How to disable HSTS header in Gateway
Trustbuilder.io version | Behavior |
---|---|
Before 2025.4.0 | The Gateway always adds an HSTS header by default.
|
From 2025.4.0 | The HSTS header is optional.
|
To disable the HSTS Header:
Go to Settings > Gateway.
In Gateway Configuration panel, click on Actions…
Click on Edit.
Click on + Add New VHosts or edit an existing one.
Fill in the required parameters.
Use the toggle to disable the HSTS header.
Click on Save and Close.
Go back to Gateway general configuration.
In Gateway Configuration panel, click on Actions…
Click on Package.
Sets package version number (e.g: 2.0.2).
Click on Create Package.
Double-click on the line.
Select the package you created.
In the Gateway Server panel, click on Status…
Wait few minutes, the status should change to Success.

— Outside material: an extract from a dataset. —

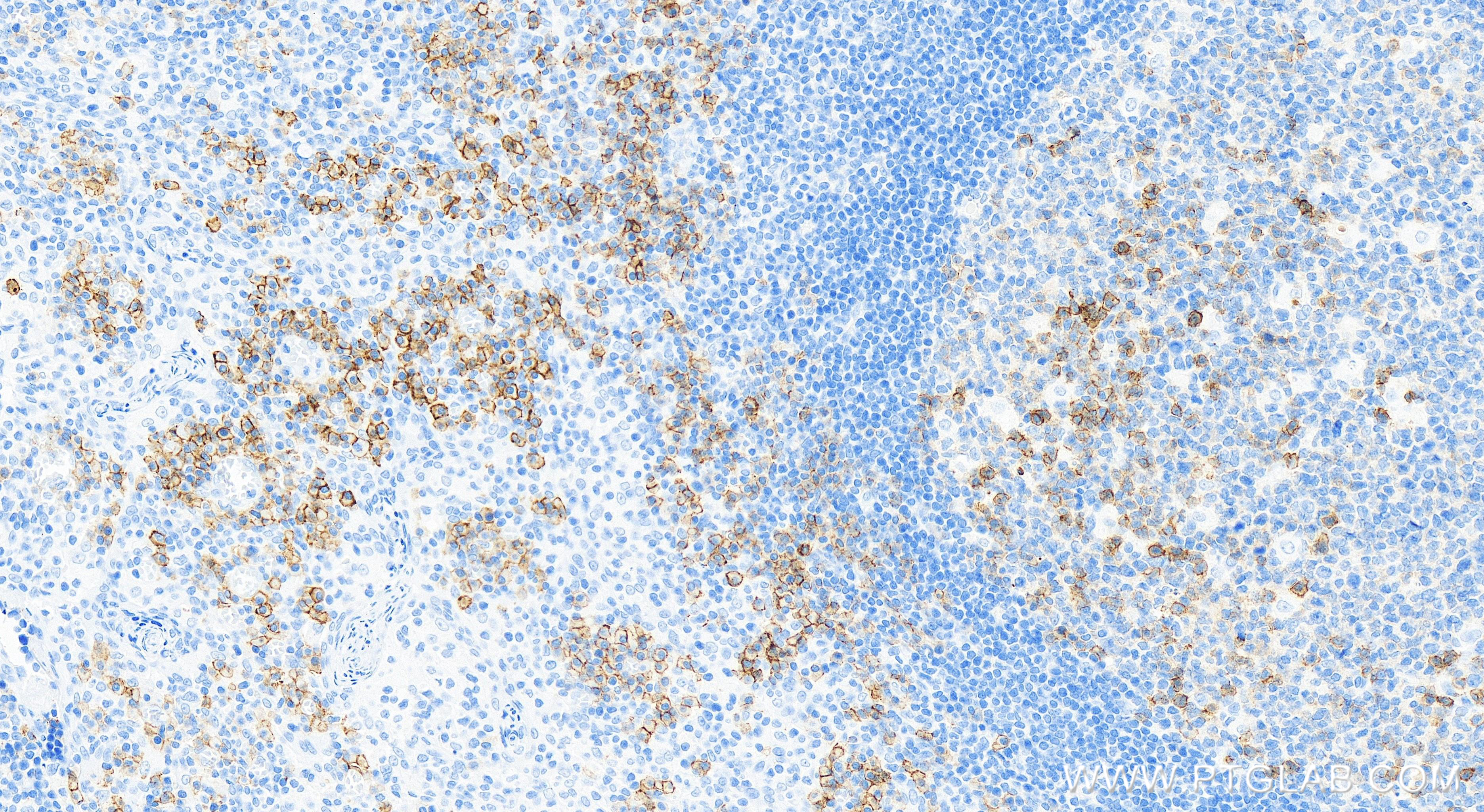 Immunohistochemistry (IHC) staining of human tonsillitis tissue using CD38 Recombinant antibody (84070-2-RR)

The HSTS header value cannot yet be modified:
Strict-Transport-Security: max-age=63072000; includeSubDomains; preload
max-age=63072000
: enforce HTTPS for 2 years (in seconds).includeSubDomains
: applies the HTTPS policy to all subdomains of the current domain.preload
: indicates the domain is eligible for the HSTS preload list used by browsers.